Parfois, le retentissement de la séparation a des effets importants et durables sur l’enfant ou l’adolescent, celui-ci vivant dans un certain déni de la réalité de la rupture, comme si elle pouvait être réversible. La prise de conscience de l’irréversibilité, provoquée par la maturation de l’enfant, l’évolution de la situation conjugale des parents (remariage, atténuation du conflit…) ou de la procédure judiciaire (document attestant le divorce…), peuvent engendrer un choc émotionnel, ayant des répercussions psychologiques particulièrement sévères.

Nous insisterons plus particulièrement sur quelques-unes des répercussions dans lesquelles se trouve placé l’enfant lorsqu’il est l’enjeu du conflit de ses parents ;

Le conflit de loyauté

La loyauté est un attachement préférentiel à l’égard d’une personne vis à vis de laquelle on réserve une priorité d’égards. « Le conflit de loyauté » s’applique à une situation dans laquelle une personne est coincée entre deux objets de loyauté, explicitement concurrents » .6. 
C’est pourquoi il implique une configuration relationnelle triangulaire. C’est explicitement le cas de l’enfant pris entre les désirs de ses parents, contraint de choisir l’amour de l’un au détriment de l’autre (loyauté clivée), en particulier lorsque la méfiance et le mépris sont mutuels. 
La confiance que l’enfant exerce à l’égard de l’un des parents entraîne alors nécessairement une méfiance envers l’autre parent, avec les attitudes d’indifférence, de fuite ou d’ambivalence qui la traduisent.

La parentification (concept introduit en 1962 par Ivan Boszormenyi-Naguy) .7.

A la différence de la relation de couple, la relation entre parents et enfants est asymétrique.

« La parentification de l’enfant peut se définir comme le processus interne à la vie familiale qui amène un enfant ou un adolescent à prendre des responsabilités plus importantes que ne le voudraient son âge et sa maturation, dans un contexte socioculturel et historique précis et qui le conduit à devenir un parent. Pour ses parents c’est un processus impliquant toujours plusieurs générations… elle n’est jamais pathologique en soi… Par contre, si elle se poursuit sur une longue durée et, surtout, si elle n’est pas reconnue, elle peut devenir un véritable fardeau pour l’enfant qui n’a plus le temps de s’occuper de lui et de recevoir » .8.

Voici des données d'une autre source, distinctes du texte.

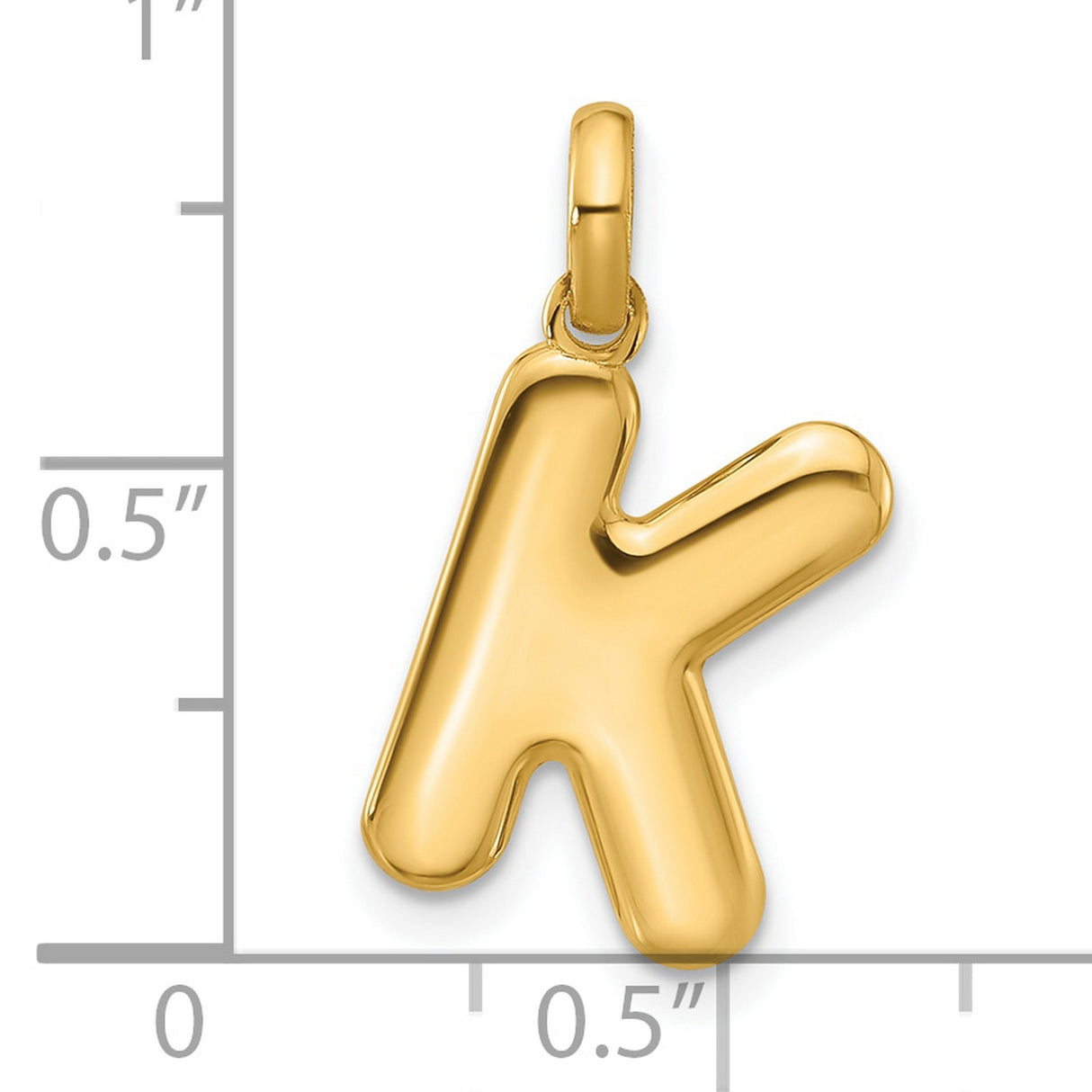 Fancy Letter K Charm Pendant in Real 14k Yellow Gold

On peut donc se demander si elle est favorable aux parents ou à l’enfant dont elle peut favoriser la maturation (« enfant-thérapeute », « enfant hyper mature ») ou, au contraire, entraver le développement et lui faire perdre confiance envers les adultes, voire le priver de sa propre enfance. 
Ainsi, dans le cadre d’une séparation, l’enfant parentifié peut servir au déni et à l’oubli de celle-ci, opérant une « collusion pour éviter le deuil » (Boszormenyi-Naguy , 1997). Il est dans une position de soutien de son propre parent avec lequel il vit. Il s’investit totalement dans cette fonction, ce qui lui permet de traverser l’épreuve de la séparation. Renouer avec l’absent mettrait en péril ce nouvel équilibre précaire.

La parentification peut prendre des formes diverses, l’enfant occupant une place variable : 
- tantôt de confident auprès de l’un des parents, 
- tantôt de messager ou de médiateur entre ses parents, 
- tantôt leader de la famille, en particulier lorsque les parents sont confrontés à un état dépressif, des blessures narcissiques ou de graves difficultés matérielles et factuelles, 
- apparaissant même dans un rôle de sauveteur ou de contrôleur.

Ces différents visages de la parentification s’illustrent clairement dans la situation du divorce où la notion « d’enfant otage » est souvent employée. De quoi, de qui, l’enfant est-il l’otage ? 
Souvent les parents prennent leur enfant « en otage » pour répondre à leurs besoins narcissiques, à des désirs de vengeance ou l’utilisent comme moyen de rester impliqués dans une relation conjugale malsaine ; ce qui est dans l’intérêt des adultes ne l’est pas nécessairement pour l’enfant.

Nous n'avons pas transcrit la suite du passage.